→ What to produce: The expected result is a word-for-word copy of the entries, minus any pictures.

→ Supplied material:
........

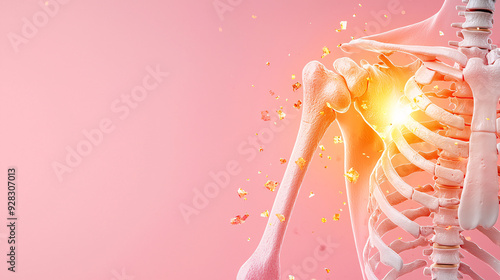 A skeleton with a broken shoulder is shown on a pink background. Concept of pain and vulnerability, as the broken shoulder is a symbol of injury and weakness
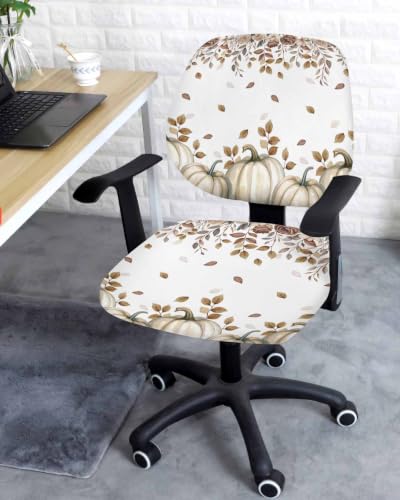Savannan Office Chair Cover, Autumn Idyllic Plant Pumpkin Floral Protective Stretch Elastic Universal Cover for Desk Task Chair,Computer Rotating Chair 1 Pcs Light Brown and White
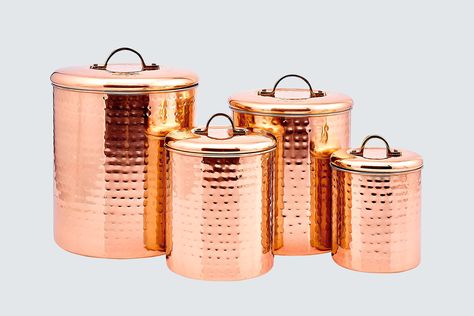 Copper Canister Set International Decor, Copper Canisters, Stainless Steel Food Storage, Kitchen Canister Set, Kitchen Necessities, Countertop Storage, Old Dutch, Tuscan Decorating, Set Bed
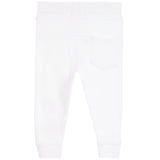 White children's jogger pants with a back pocket, ribbed ankle cuffs, and a wide elastic waistband, shown flat on a white background.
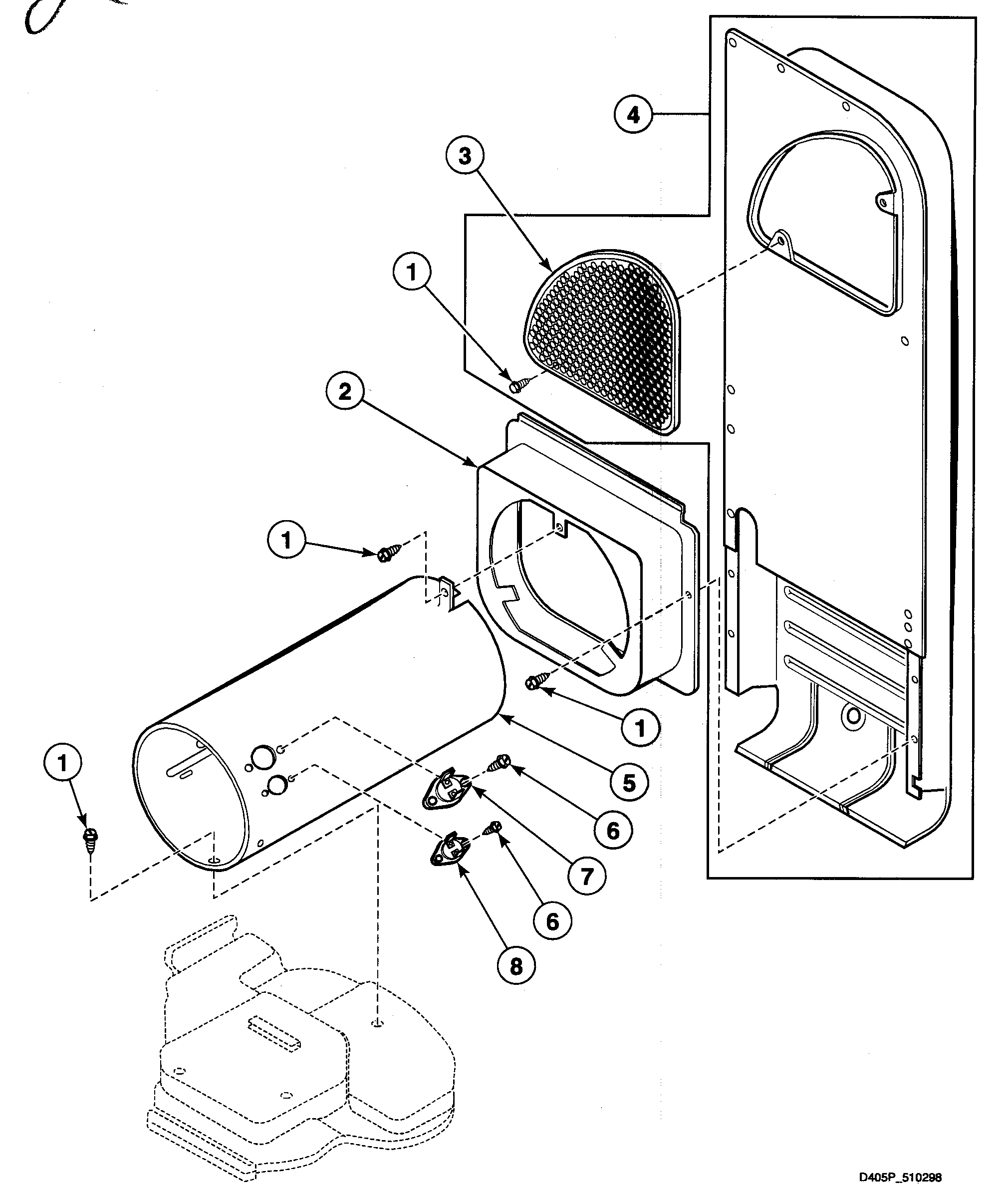 Speed Queen SDG309WF heater assy diagram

........

→ Task result:
 A skeleton with a broken shoulder is shown on a pink background. Concept of pain and vulnerability, as the broken shoulder is a symbol of injury and weakness
Savannan Office Chair Cover, Autumn Idyllic Plant Pumpkin Floral Protective Stretch Elastic Universal Cover for Desk Task Chair,Computer Rotating Chair 1 Pcs Light Brown and White
 Copper Canister Set International Decor, Copper Canisters, Stainless Steel Food Storage, Kitchen Canister Set, Kitchen Necessities, Countertop Storage, Old Dutch, Tuscan Decorating, Set Bed
 White children's jogger pants with a back pocket, ribbed ankle cuffs, and a wide elastic waistband, shown flat on a white background.
 Speed Queen SDG309WF heater assy diagram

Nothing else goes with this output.